[Short text fragments from websites]
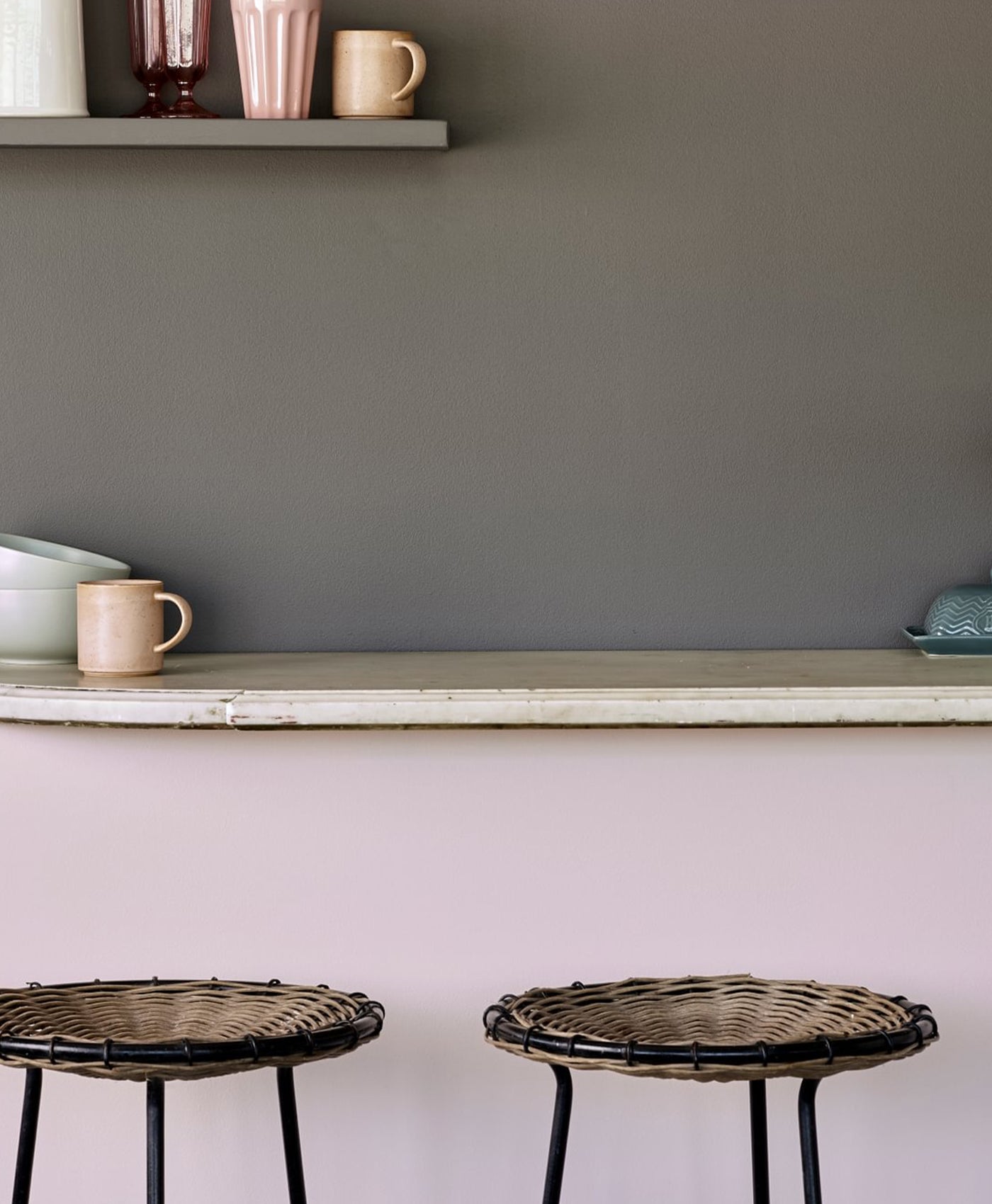 Two wicker stools in front of a kitchen counter with a grey wall and shelf in the background.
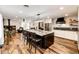Open kitchen features a large center island and modern appliances at 8788 E Tanglewood Rd, Franktown, CO 80116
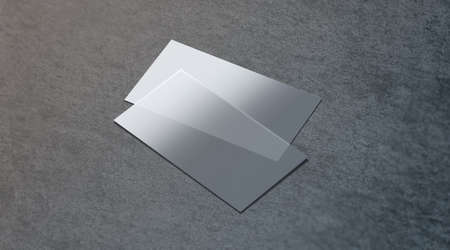 Blank plastic transparent business card mock up, 3d rendering. Clear pvc namecard mockup on textured surface. Empty acrylic horizontal customer pasteboard template for your logo presentation.の写真素材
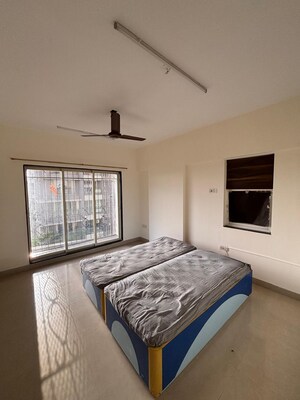 Bedroom in 3 BHK Apartment at Goregaon West View CHS, Goregaon West – for Rent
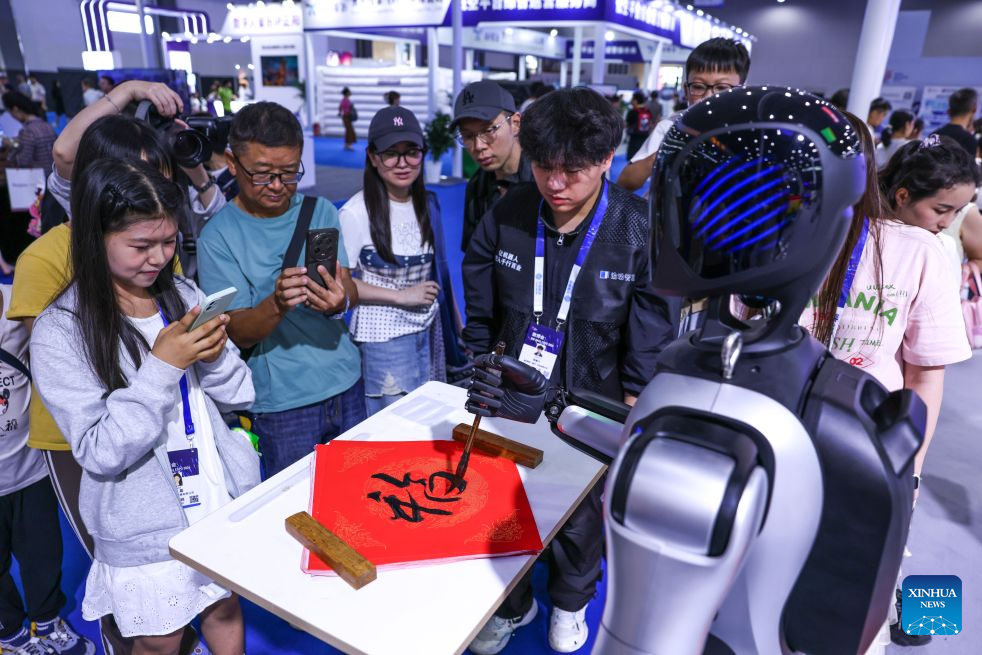 A robot writes calligraphy during the professional exhibition of the 2026 China International Big Data Industry Expo in Guiyang, southwest China's Guizhou Province, Aug. 28, 2026. Themed "Token: A New Path to Value of Data Elements," the expo spotlights cutting-edge innovations integrating data with artificial intelligence. (Xinhua/Yang Wenbin)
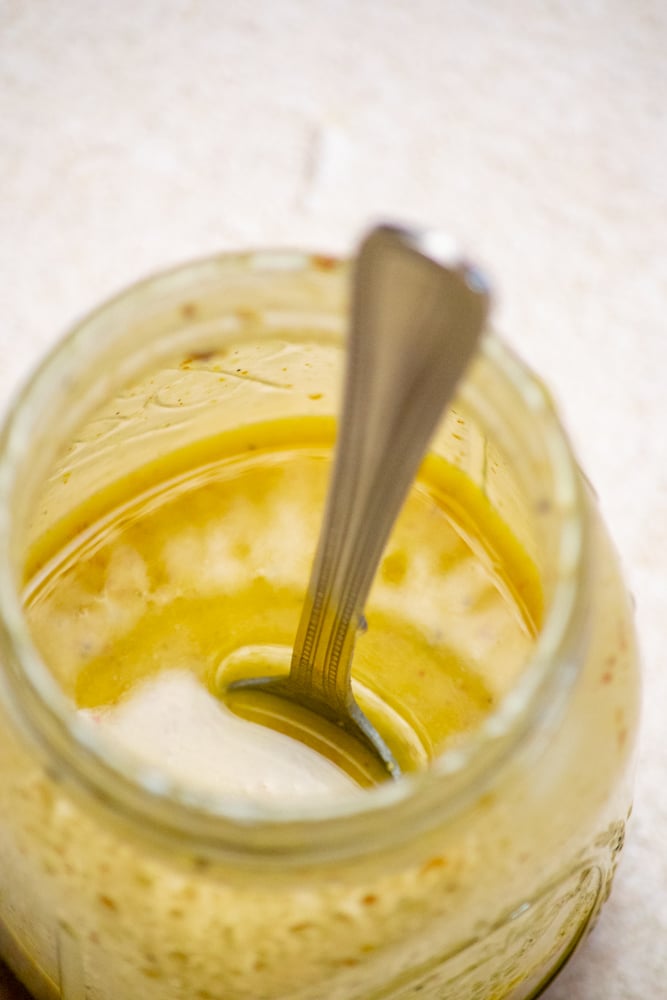 combine dressing ingredients in a mason jar or liquid measure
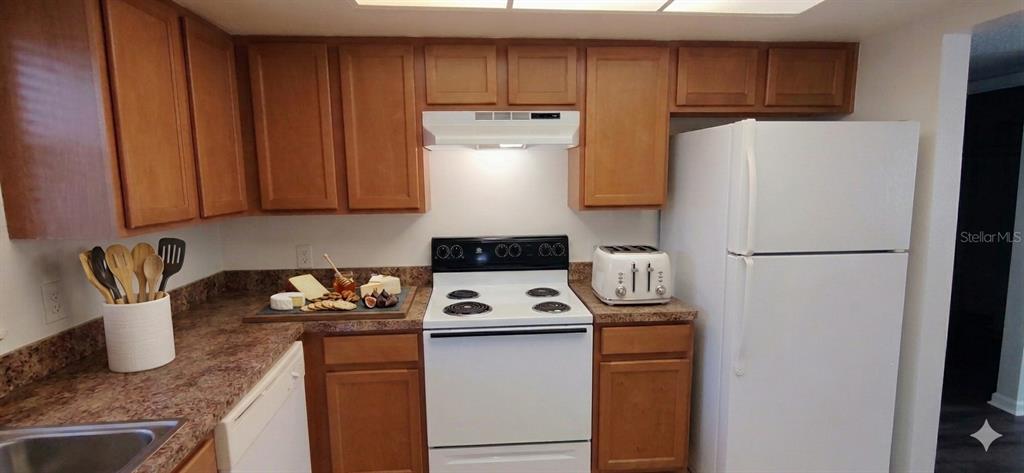 A kitchen features wood cabinets, laminate countertops, a white stove, and a white refrigerator — 2820 DUPONT STREET S UNIT 201, GULFPORT, FL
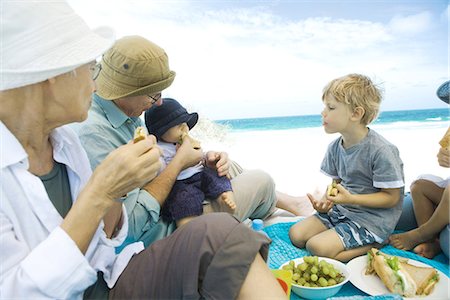 feeding grapes to men pictures - Grandparents and grandchildren having picnic on beach Stock Photo - Premium Royalty-Free, Code: 695-05779168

### WORK INSTRUCTIONS
Return only the lines from the one that contains "combine dressing ingredients" through the closing line of the data, inclusive, reproduced exactly and with every picture left out.

### EXERCISE RESULT
 combine dressing ingredients in a mason jar or liquid measure
 A kitchen features wood cabinets, laminate countertops, a white stove, and a white refrigerator — 2820 DUPONT STREET S UNIT 201, GULFPORT, FL
 feeding grapes to men pictures - Grandparents and grandchildren having picnic on beach Stock Photo - Premium Royalty-Free, Code: 695-05779168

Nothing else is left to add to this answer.